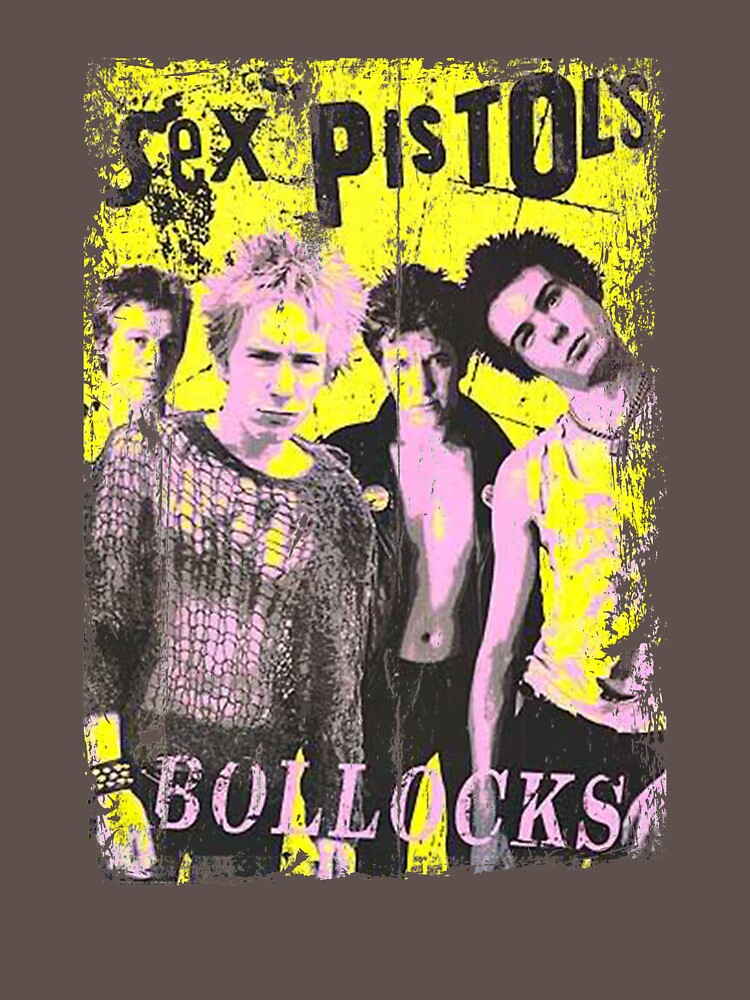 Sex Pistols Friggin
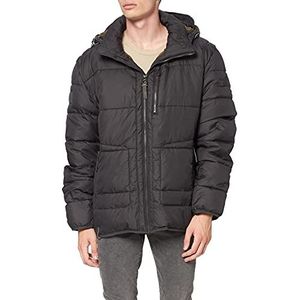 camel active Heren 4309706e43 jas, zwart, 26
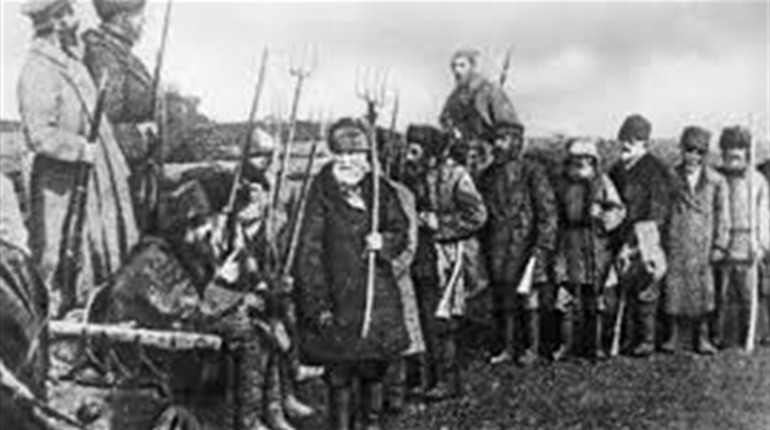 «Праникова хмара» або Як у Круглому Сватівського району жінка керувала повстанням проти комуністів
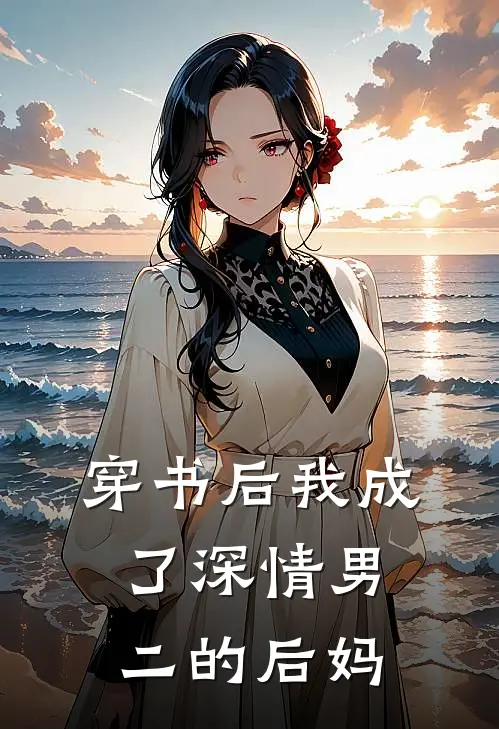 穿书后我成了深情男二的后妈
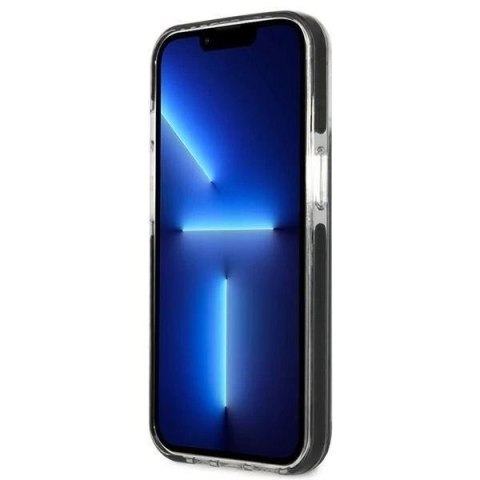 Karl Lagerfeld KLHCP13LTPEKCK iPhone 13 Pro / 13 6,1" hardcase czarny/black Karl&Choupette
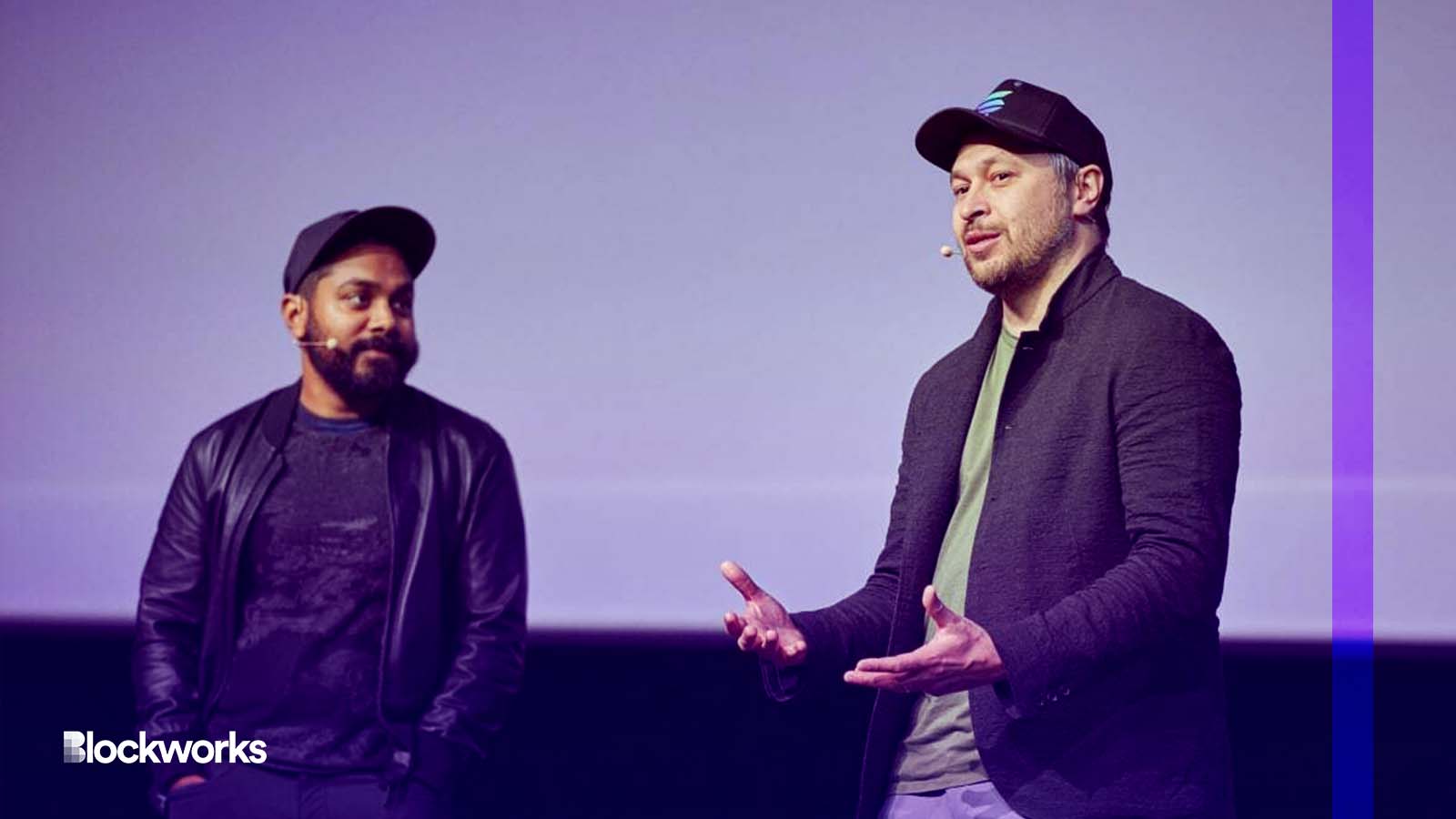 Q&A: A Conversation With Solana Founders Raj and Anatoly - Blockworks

════════════════════

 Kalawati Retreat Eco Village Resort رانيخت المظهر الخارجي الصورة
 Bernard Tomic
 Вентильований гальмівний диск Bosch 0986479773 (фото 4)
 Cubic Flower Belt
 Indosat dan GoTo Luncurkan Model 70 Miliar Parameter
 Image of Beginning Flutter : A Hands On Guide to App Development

════════════════════

▶ [Task to complete] There is a run of lines above from the one with "Indosat dan GoTo" to the one with "Image of Beginning"; print exactly that run, both ends included, and nothing else.

▶ [Reply]
 Indosat dan GoTo Luncurkan Model 70 Miliar Parameter
 Image of Beginning Flutter : A Hands On Guide to App Development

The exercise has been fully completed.